On constate que dans ce processus, dit pourtant « de réflexion », l’action ET la réflexion sont liées au point d’en être quasi indissociables. Cela peut créer une sorte de malaise et nous amener sur le terrain inconfortable de la révision des définitions traditionnelles. La belle coupure ontologique et chronologique entre le penser (avant) et l’agir (après) s’évanouit (Tomlinson, 1999). La réflexion, de contemplative et spéculative, devient peu à peu métissée d’action. Cela rend caduque l’élégante opposition au moins bimillénaire pensée/action, qui en Occident remonte au moins à Platon. Son dualisme, pourtant revivifié par Descartes, en est ébranlé (Brockbank et McGill, 2007). C’est que dans le paradigme réflexif, la perspective change : quand je réfléchis, j’agis; et quand j’agis, je réfléchis. Ce ne sont plus deux événements systématiquement séparés (Fabre, 2008). Plusieurs chercheurs contemporains témoignent qu’enfoncer le coin dans le paradigme dualiste, de manière rigoureuse et documentée, est une tâche à recommencer quotidiennement, que l’inertie des idées « acquises » (taken-for-granted) est grande (Tomlinson, 1999a et b). En fait, l’un des objets de la « réflexion », dans ce courant de « pratique réflexive », est justement de soulever les grosses pierres qui apparemment « ont toujours été là », à partir du moment où l’on en vient à se rendre que quelque chose nous empêche d’agir, malgré toute notre compétence et notre bonne volonté (ce que nous avons appelé le « plafond de verre », phénomène relevé chez les

professionnels par Saint-Arnaud, 1992). Mais ce qui est surprenant dans un paradigme dualiste peut devenir parfaitement cohérent et compréhensible dans un autre paradigme plus fin, moins manichéen. Les Réflexifs ont tiré des leçons de l’école de Palo Alto : éviter de s’enfermer dans des oppositions binaires (Watzlawick, 1991).

Revenons au processus. Le sujet y « apprend », en ce sens qu’il en sort transformé. Entre « avant » et « après » le cycle, il enregistre un « gain ». C’est là un genre de paradoxe, pour les professionnels tout au moins : en voulant transformer le monde, le sujet se transforme lui-même (distinguons entre le milieu du travail, axé sur la modification de l’environnement, même s’il ne s’agit parfois que de maintenir le statu quo, c’est-à-dire tout de même de contrer l’entropie, et le milieu de l’éducation où la « prise » sur le monde consiste plus souvent en une simulation-préparation au monde, bref, où l’enjeu n’est pas, ou pas encore, de transformer le réel).

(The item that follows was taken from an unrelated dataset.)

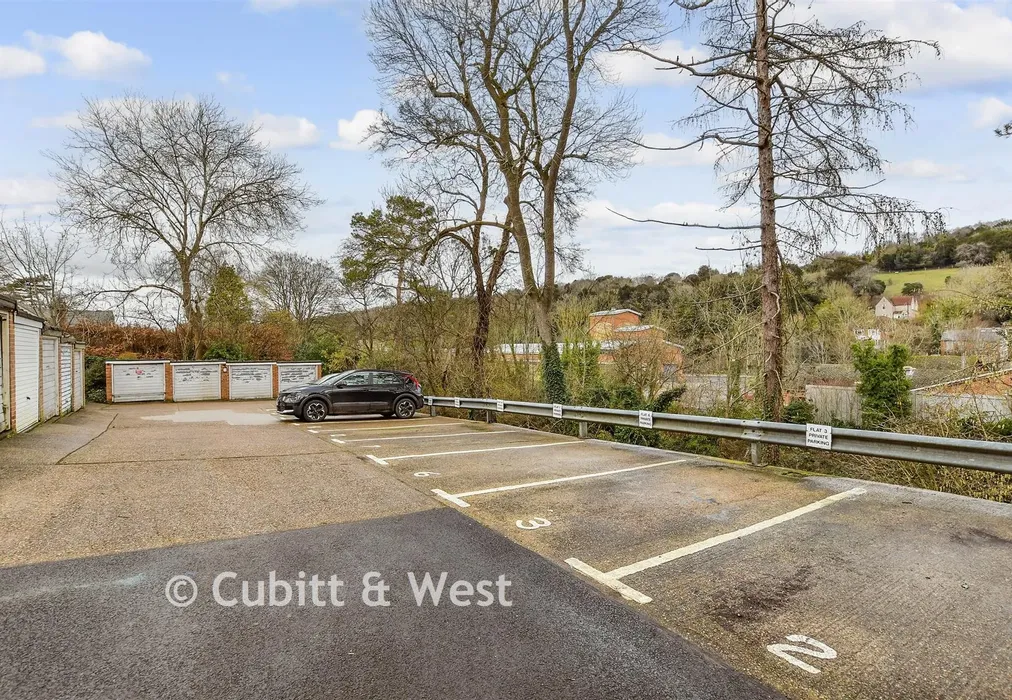 Driveway/Parking - Bader Close, Kenley, Surrey - Wards of Kent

Par rapport à cette définition de la réflexion comme étant presque simultanément, ou à la fois, un processus ET un résultat, lisons Brockbank et McGill (2007), qui précisent ici ce qu’ils entendent par « apprentissage réflexif ». Ils définissent en fait assez bien ce qu’est la réflexion à travers les auteurs qui nous intéressent. Noter qu’ils n’envisagent qu’un type de réflexion, celle qui est « socioconstruite » avec l’Autre, dans un mouvement de l’individu vers l’individu intégré à un mouvement de la communauté vers la communauté, et toujours dans une visée d’amélioration :

We define reflective learning as an intentional social process, where context and experience are acknowledged, in which learners are active individuals, wholly present, engaging with others, open to challenge, and the outcome involves transformation as well as improvement for both individuals and their environment. (Brockbank et McGill, 2007 : 36)

On constate dans cette définition le glissement qui s’est opéré entre processus d’apprentissage et méthode d’apprentissage. Le processus est quelque chose qui se passe dans notre esprit, qui fait appel à nos ressources cognitives, affectives et motivationnelles. La méthode appelle, à l’extérieur, des dispositifs pédagogiques, des moyens éducatifs, pour mettre en mouvement le processus d’apprentissage individuel. Ramassé en une image, disons que la méthode est un branle-bas de combat extérieur au

sujet, mais qui lui est destiné. Osterman et Kottkamp (2004, chap. 8) préfèrent une métaphore théâtrale : « mise en scène » (to set the stage).